Exercise aim: In the entries below, find the line with "Lenkradhalter Rot SIMAGIC" and the line with "Chaqueta adidas almohada negra". Repeat exactly everything between them, those two lines included, but not the pictures.

Provided records:
****
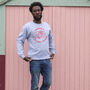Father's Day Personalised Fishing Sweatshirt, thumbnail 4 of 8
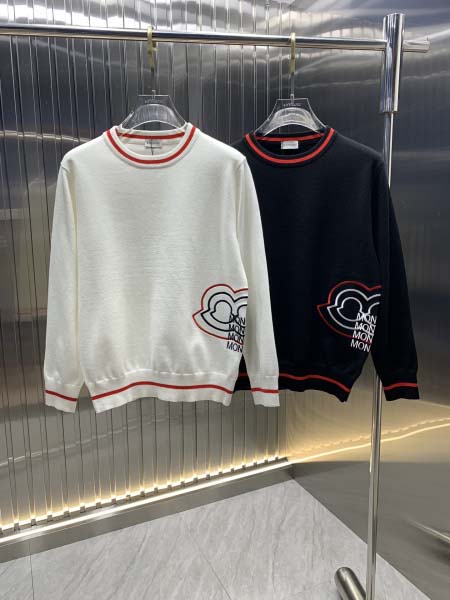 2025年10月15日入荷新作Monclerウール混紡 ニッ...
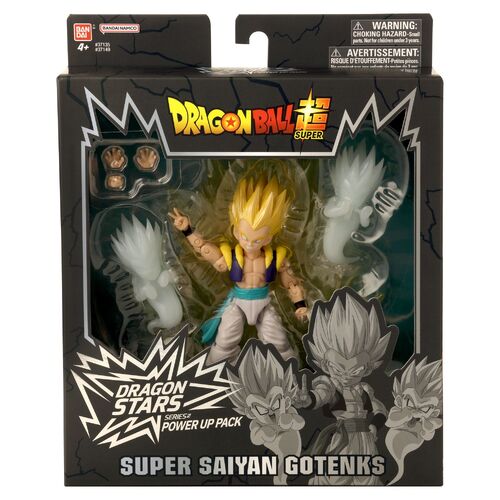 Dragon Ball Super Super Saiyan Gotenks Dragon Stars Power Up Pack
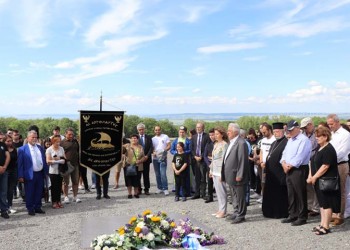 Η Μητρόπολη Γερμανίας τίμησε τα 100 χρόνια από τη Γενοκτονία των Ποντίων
****
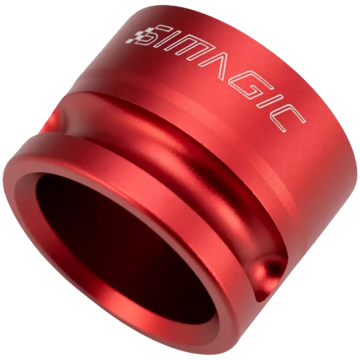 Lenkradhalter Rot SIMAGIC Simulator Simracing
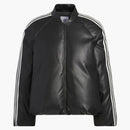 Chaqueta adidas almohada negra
****
The completed task:
 Lenkradhalter Rot SIMAGIC Simulator Simracing
 Chaqueta adidas almohada negra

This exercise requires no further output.